In essence, Biden and his anti-borders supporters have engineered a special form of foreign aid that requires the recipients to enter the U.S. unlawfully in order to cash in.

But what effect is this massive redistribution of American wealth having on the economy and financial solvency of the United States? Despite its freebies for illegal aliens, California faces a $32 billion budget deficit. Governor Gavin Newsom’s latest budget provided no aid to ailing public transport networks or distressed hospitals overflowing with illegal alien patients. It also called for closing two prisons. One might think that safe transport, functioning hospitals and secure prisons might be fiscal priorities for the Golden State. But apparently the politicos in Sacramento believe it is more important to throw free money at uninvited foreigners.

Meanwhile, our national government is just as broke as California. The federal budget deficit hovers at $1.4 trillion and annual deficits over the 2024-2025 periods are projected to hit or exceed $2.0 trillion. While that is down from a high of $2.6 trillion in 2021, Congress has raised the debt ceiling in order to prohibit the United States from defaulting on its financial obligations.

It should be a fundamental, uncontested precept that the United States belongs to Americans. To the extent that foreign nationals are granted access to our country, their admission should, first and foremost, benefit U.S. citizens in some way – whether that be economically, culturally or otherwise.

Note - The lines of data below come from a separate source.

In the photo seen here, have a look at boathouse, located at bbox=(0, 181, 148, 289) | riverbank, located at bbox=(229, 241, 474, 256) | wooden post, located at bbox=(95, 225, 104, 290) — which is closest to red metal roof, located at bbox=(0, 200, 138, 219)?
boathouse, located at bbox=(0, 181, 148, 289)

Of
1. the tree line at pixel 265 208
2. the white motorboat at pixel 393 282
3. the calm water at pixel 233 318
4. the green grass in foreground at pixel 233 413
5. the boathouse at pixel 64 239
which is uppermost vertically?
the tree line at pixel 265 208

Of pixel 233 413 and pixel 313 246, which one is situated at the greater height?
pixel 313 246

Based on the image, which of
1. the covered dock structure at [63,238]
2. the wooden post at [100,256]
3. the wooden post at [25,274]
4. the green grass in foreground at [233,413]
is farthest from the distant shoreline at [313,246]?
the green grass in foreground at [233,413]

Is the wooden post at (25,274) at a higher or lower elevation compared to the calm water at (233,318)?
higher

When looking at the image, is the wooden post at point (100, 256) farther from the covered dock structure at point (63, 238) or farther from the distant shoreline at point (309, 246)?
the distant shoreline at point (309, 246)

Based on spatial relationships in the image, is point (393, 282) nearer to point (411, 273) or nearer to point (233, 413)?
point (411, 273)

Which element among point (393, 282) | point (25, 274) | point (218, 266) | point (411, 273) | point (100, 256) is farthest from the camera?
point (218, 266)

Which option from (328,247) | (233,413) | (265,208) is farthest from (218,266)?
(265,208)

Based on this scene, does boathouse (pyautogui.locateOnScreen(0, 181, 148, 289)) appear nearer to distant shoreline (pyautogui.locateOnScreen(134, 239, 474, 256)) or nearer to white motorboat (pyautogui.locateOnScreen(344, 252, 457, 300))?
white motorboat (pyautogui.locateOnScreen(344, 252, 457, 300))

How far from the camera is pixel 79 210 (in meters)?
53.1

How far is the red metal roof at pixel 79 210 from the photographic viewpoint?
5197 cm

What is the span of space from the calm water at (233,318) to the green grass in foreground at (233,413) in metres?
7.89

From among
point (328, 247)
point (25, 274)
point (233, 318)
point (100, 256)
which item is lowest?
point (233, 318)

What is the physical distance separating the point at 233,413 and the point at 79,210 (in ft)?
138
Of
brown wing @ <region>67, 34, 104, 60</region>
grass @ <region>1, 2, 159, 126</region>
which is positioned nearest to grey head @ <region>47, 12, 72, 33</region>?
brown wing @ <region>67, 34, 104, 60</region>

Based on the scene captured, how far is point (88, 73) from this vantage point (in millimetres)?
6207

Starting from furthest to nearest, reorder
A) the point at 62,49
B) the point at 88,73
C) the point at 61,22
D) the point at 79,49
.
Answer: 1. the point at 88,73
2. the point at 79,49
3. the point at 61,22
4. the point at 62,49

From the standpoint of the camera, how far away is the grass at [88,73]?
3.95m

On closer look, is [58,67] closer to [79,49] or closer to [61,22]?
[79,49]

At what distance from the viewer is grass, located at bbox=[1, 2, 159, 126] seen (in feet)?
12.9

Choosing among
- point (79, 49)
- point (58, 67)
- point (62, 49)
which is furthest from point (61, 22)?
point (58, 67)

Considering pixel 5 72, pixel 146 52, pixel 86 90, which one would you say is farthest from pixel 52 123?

But, the wanton mass admission of foreigners to the United States accrues no benefit whatsoever to the citizens of this country – especially when we rapidly transfer wealth generated by Americans to foreigners with no long-term connections to our nation. U.S. citizens are right to worry about the long-term social, cultural and linguistic effects of unchecked mass migration.

But at the rate we are going, both our state and national leaders seem bound and determined to immigrate the U.S. off a fiscal cliff long before our culture succumbs. And we may just witness our national sovereignty evaporating along with our bank accounts.

Matt O’Brien is the director of investigations at the Immigration Reform Law Institute and the co-host of IRLI’s podcast “No Border, No Country.” Immediately prior to working for IRLI he served as an immigration judge. He has nearly 30 years of experience in immigration law and policy, having held numerous positions within the Department of Homeland Security.

Also published at The Washington Times, July 4, 2023.